Kern withdrew officially on February 17, with a letter mailed to his supporters, knowing he really didn’t have a chance against incumbent, now candidate Chavez, and former Governor Pete Wilson’s stepson, Phil Graham.
With no declared Democrat candidate, and without Chavez’s candidacy, both Kern and Graham would have been able to by-pass June’s open primary where the top two finishers – sans party affiliation – go into November’s general election. Kern says he felt confident he would have received the Republican Party’s central committee’s endorsement over Graham. “I know I had 31 of the 50 committee member’s support,” said Kern.

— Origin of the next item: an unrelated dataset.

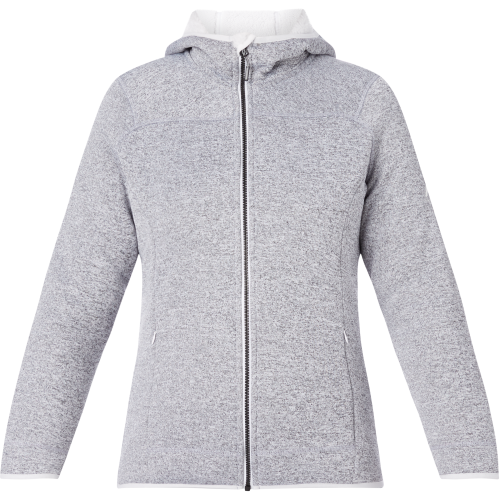 Polar damski McKinley Bernarda 294784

“I was running so that North County would have a true conservative Republican in Sacramento,” said Kern. Neither Chavez nor Graham will need local campaign money to run their campaigns, claims Kern. “Its all coming through, and being directed by Sacramento,” he said.
Graham, a political unknown, had raised twice as much money as Kern, prior to Chavez’s announcement. Kern has offered to return the $138,000 he collected from campaign donors. So for none have asked for it back.

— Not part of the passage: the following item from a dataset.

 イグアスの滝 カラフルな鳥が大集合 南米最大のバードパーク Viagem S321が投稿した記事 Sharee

Kern will be staying out of the fray. He will not endorse either candidate. “Unfortunately Sacramento will be represented in North County, but North County will not be represented in Sacramento, ” he said.
Now that he’s not running for Assembly, Kern is continuing his work as the local cheerleader for House Resolution #3643; a bill in Washington that would allow a quicker move of San Onofre’s nuclear waste to existing facilities in eastern New Mexico and west Texas, rather than wait possibly decades for Nevada’s proposed Yucca Mountain depository to pass years of hurdles. In the last few weeks he’s lobbied for, and received support from the cities of Encinitas and Laguna Woods.
Kern says he sincerely doubts he will run for reelection to the Oceanside council in 2018. “You stay around here long enough and you start feeling like the city depends on you. This city survived for 125 years before I got here, and it will continue long after I’m gone.”
Of the weight loss, he’s added back seven pounds recently. “I try to go to the gym three times a week, but this is the worst job to try lose weight; sitting all day or people always wanting to take you to lunch,” he said as he rushed off to lunch with the NAACP to work on adding new educational signage to the city’s Mesa Drive, ceremonially dubbed Rev. Martin Luther King Way.